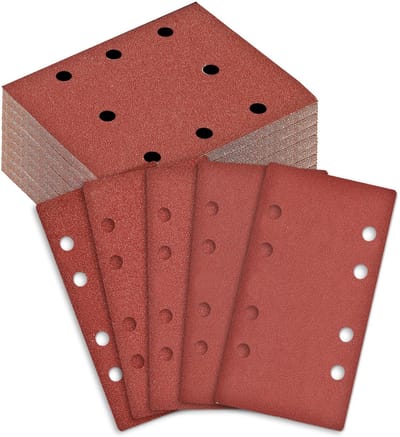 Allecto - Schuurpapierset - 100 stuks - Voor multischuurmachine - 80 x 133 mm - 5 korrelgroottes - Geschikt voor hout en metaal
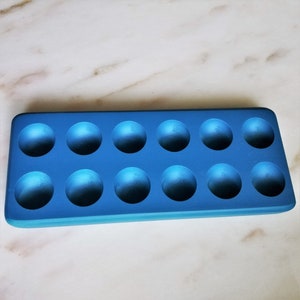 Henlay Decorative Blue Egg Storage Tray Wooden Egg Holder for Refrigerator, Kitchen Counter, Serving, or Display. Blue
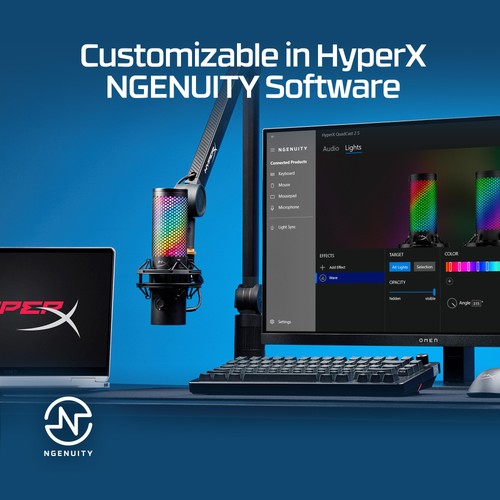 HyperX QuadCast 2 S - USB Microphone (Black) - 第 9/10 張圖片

» **Assignment**:
The reply should consist of the listing restated word for word, with its pictures removed.

» **Solution for this exercise**:
 Allecto - Schuurpapierset - 100 stuks - Voor multischuurmachine - 80 x 133 mm - 5 korrelgroottes - Geschikt voor hout en metaal
 Henlay Decorative Blue Egg Storage Tray Wooden Egg Holder for Refrigerator, Kitchen Counter, Serving, or Display. Blue
 HyperX QuadCast 2 S - USB Microphone (Black) - 第 9/10 張圖片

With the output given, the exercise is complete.